▸ **RECORDS FOR THIS EXERCISE**:
=-=-=-=-=

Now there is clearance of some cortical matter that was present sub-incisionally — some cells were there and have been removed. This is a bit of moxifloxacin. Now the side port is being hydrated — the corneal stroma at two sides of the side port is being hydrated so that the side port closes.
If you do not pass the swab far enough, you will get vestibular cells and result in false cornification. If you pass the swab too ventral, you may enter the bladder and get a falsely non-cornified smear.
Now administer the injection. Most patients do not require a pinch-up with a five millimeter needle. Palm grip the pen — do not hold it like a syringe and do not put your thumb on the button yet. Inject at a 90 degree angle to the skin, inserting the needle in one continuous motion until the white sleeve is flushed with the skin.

=-=-=-=-=

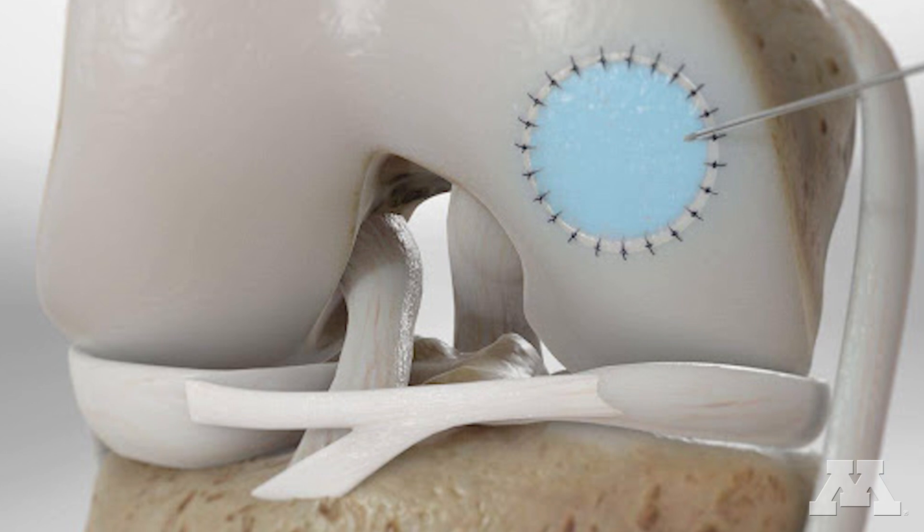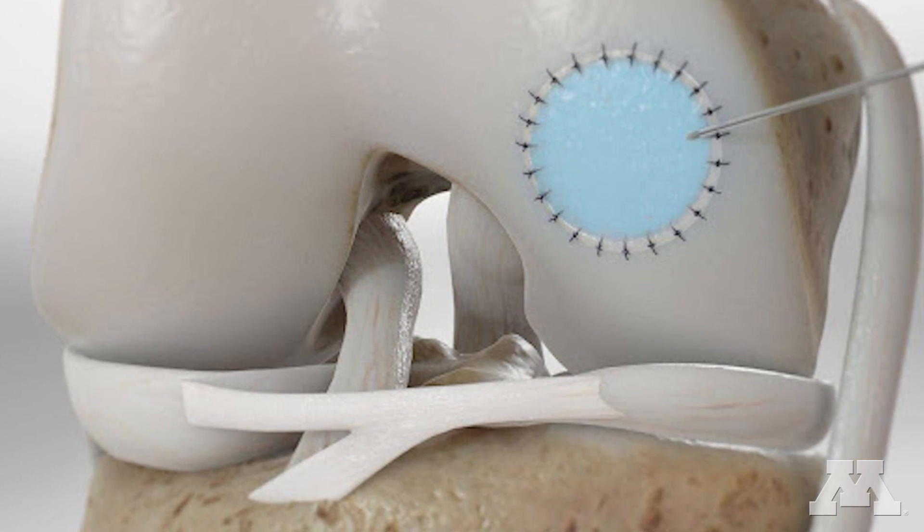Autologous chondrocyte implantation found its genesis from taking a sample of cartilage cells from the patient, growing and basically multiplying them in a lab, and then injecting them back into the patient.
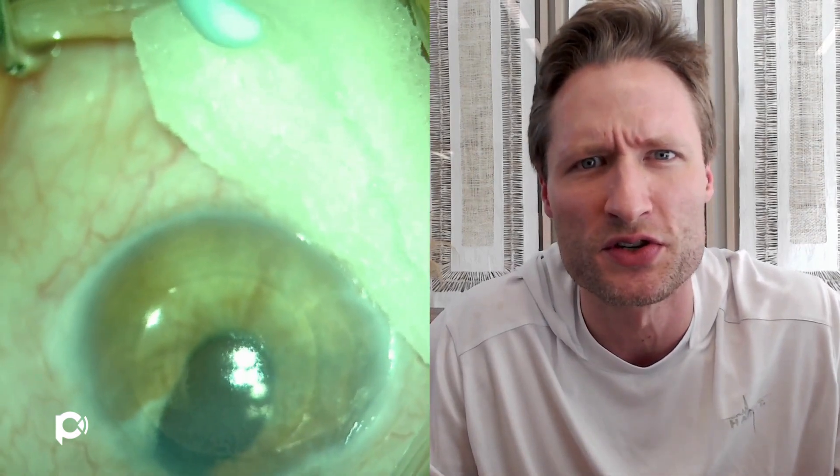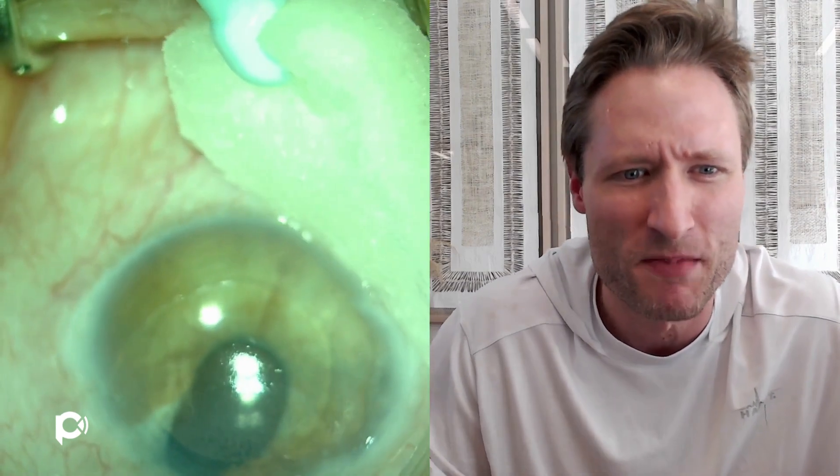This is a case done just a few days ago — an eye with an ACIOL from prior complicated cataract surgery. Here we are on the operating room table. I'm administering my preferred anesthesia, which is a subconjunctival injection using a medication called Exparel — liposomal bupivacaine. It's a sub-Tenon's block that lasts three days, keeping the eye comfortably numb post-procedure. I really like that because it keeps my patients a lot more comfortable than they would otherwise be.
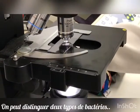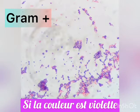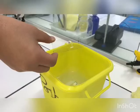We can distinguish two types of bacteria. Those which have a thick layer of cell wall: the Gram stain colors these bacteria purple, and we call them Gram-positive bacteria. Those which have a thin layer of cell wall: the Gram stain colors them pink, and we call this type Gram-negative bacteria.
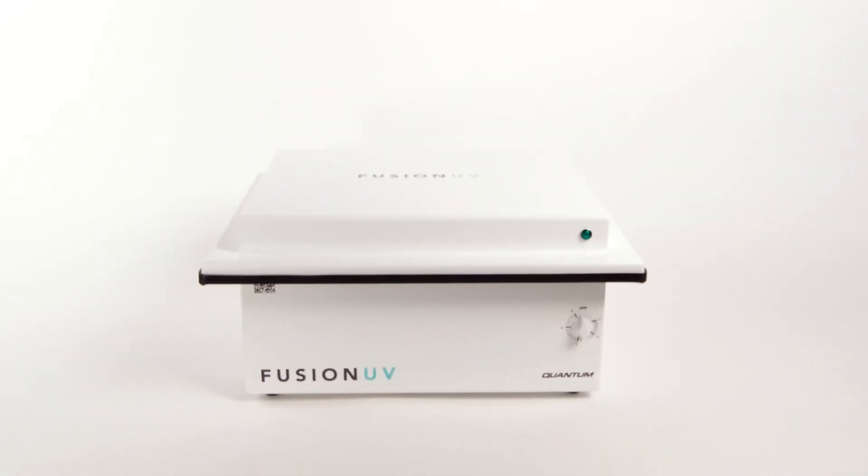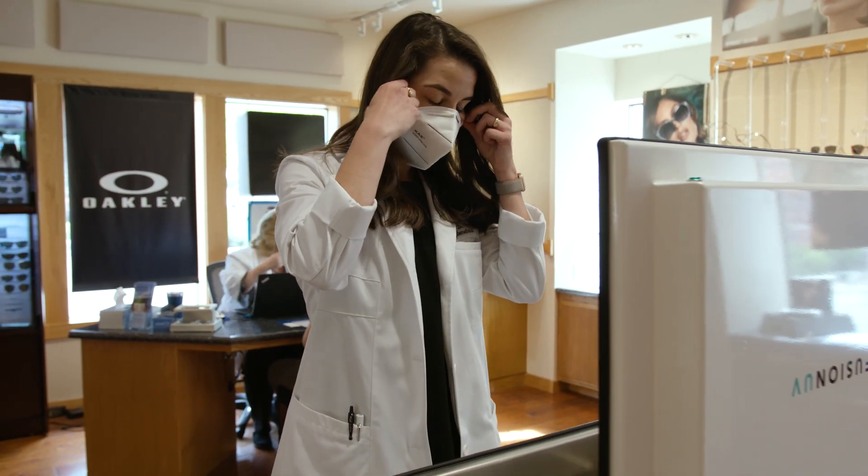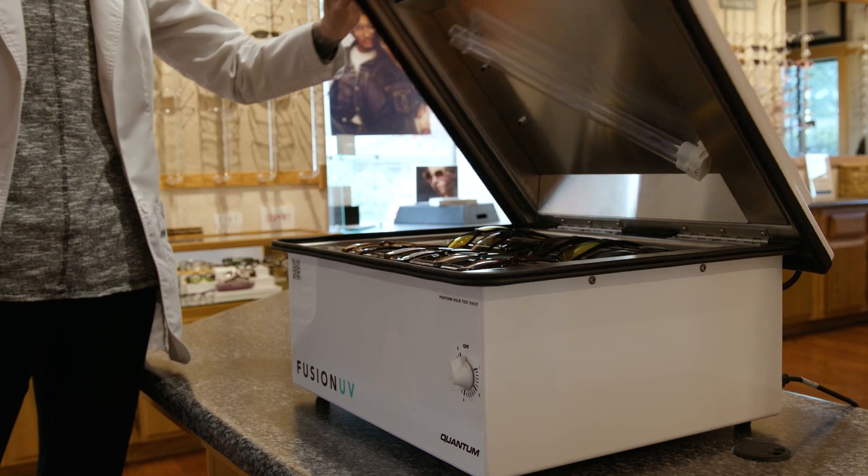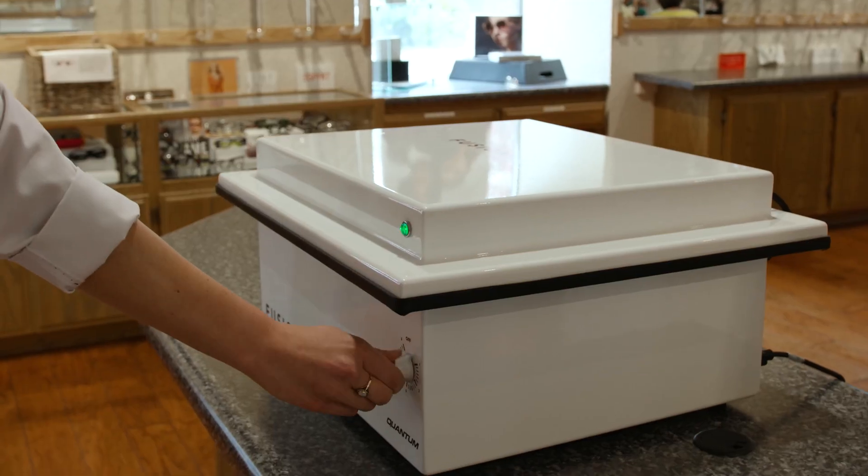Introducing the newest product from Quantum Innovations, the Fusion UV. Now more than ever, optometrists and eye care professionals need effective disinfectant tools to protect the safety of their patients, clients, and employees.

=-=-=-=-=

▸ **WHAT IS REQUIRED**:
Word for word, restate the lines of the data above that fall between the line holding "If you do not" and the line holding "Now administer the", inclusive, and no other lines.

▸ **OUTPUT OF THE TASK**:
If you do not pass the swab far enough, you will get vestibular cells and result in false cornification. If you pass the swab too ventral, you may enter the bladder and get a falsely non-cornified smear.
Now administer the injection. Most patients do not require a pinch-up with a five millimeter needle. Palm grip the pen — do not hold it like a syringe and do not put your thumb on the button yet. Inject at a 90 degree angle to the skin, inserting the needle in one continuous motion until the white sleeve is flushed with the skin.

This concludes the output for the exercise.